*** Opening Exercise inputs ***
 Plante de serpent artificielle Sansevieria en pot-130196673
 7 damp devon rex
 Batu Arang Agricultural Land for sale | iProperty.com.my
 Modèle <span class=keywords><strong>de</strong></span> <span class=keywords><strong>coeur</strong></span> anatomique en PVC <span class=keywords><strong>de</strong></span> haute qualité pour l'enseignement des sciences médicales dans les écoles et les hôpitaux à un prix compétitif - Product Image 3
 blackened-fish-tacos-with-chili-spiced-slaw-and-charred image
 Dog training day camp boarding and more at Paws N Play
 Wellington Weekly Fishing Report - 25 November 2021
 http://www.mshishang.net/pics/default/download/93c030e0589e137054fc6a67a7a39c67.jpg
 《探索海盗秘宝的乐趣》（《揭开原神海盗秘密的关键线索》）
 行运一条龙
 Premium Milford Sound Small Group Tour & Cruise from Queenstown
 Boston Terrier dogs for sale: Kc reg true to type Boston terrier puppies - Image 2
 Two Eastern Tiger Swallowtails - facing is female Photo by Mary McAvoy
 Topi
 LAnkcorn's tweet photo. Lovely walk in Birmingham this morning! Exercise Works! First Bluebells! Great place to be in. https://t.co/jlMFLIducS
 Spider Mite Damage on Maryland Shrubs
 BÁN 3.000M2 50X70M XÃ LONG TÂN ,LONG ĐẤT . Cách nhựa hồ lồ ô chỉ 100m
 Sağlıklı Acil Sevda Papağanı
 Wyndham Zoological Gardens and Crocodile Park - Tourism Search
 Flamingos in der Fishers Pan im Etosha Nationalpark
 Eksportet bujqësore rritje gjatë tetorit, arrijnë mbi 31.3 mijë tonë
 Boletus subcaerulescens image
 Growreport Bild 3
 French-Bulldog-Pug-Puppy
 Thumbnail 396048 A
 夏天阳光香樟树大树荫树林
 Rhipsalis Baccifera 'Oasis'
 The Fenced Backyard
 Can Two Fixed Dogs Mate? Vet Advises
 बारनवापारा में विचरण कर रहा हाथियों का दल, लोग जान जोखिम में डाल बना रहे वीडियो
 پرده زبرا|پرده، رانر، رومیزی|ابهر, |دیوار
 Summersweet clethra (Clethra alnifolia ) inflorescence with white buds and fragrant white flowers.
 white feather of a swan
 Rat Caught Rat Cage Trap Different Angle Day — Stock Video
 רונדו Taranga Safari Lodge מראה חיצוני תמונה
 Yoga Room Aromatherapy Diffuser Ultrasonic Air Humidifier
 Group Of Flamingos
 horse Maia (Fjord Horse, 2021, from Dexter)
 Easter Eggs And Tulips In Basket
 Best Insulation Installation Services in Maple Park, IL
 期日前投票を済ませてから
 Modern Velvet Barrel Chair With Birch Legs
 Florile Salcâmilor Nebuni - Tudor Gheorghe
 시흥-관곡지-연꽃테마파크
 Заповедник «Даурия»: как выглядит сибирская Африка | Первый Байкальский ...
*** Closing Exercise inputs ***
Where a line of the material above holds the string "sale", copy that line.

Answer to this task »
 Batu Arang Agricultural Land for sale | iProperty.com.my
 Boston Terrier dogs for sale: Kc reg true to type Boston terrier puppies - Image 2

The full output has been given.